Tarball decoder	✅	Round-trip parity in tests.
OIDC claim parser	✅	Three-segment JWT, base64url decode, JSON unmarshal.
OIDC validator	✅	Audience + exp + iss + sub checks.
Sigstore bundle	✅	v0.3 media type, in-toto predicate, SHA-256 subject.
Upload wire body	✅	u32-LE(meta-len) + meta + u32-LE(crate-len) + crate.
Bearer auth	✅	Authorization: Bearer <oidc-token>.
DryRun mode	✅	Skips the POST, retains the bundle for inspection.
Transport boundary	✅	Interface-typed; in-process fake covers all paths.

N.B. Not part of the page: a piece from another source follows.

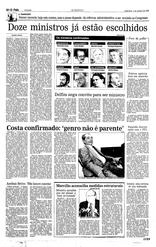 02 de Outubro de 1992, O País, página 10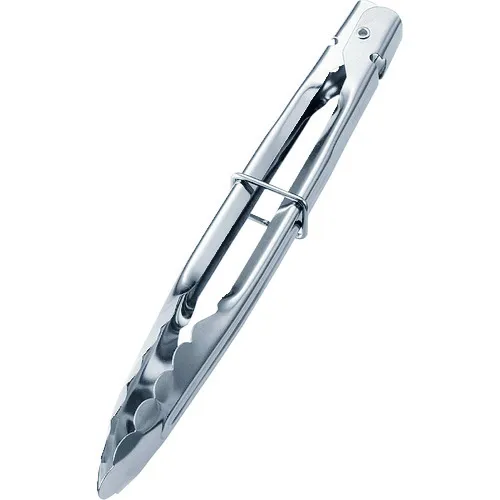 TKG银色Shine 18-0戒指阻止器全用钳4516小型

How this phase plugs in to the larger pipeline

  library.Render (Phase 9)               Phase 10 publish
                                       ┌────────────────────────────┐
  Files{                               │ PublishRequest             │
    "Cargo.toml": ...,    ───────────► │   CrateName, Version,      │
    "src/lib.rs": ...,                 │   Files, OIDCToken,        │
    ...                                │   RegistryURL, DryRun      │
  }                                    └──────────────┬─────────────┘
                                                      │
                                            publish.Publish(req)
                                                      │
                                      ┌───────────────┴───────────────┐
                                      ▼                               ▼
                                Tarball(...)                    SignBundle(...)
                                .crate bytes                    canonical-JSON
                                      │                         attestation
                                      └───────┬───────────────────────┘
                                              ▼
                                  Transport.Do(
                                    <registry>/api/v1/crates/new,
                                    {Authorization, Sigstore, ...},
                                    u32-LE-len + "{}" + u32-LE-len + .crate)
                                              │
                                              ▼
                                      PublishResult{
                                        CrateBytes, SignedBundle,
                                        UploadedURL, StatusCode}

The Transport boundary is what makes the CLI testable: production wires a net/http-backed adapter, tests inject a fakeTransport that records the URL / headers / body without making network calls.

Timeline

Time (GMT+7)	Step
2026-05-29 23:55	Worktree branch mep/0073-phase-10 created off origin/main.
2026-05-30 00:01	publish.go, tarball.go, oidc.go, sigstore.go written.
2026-05-30 00:03	Per-package tests + Phase 10 sentinel written.
2026-05-30 00:05	go test ./package3/rust/publish/... and ./package3/rust/... green.
2026-05-30 00:06	Tracking page + spec sync.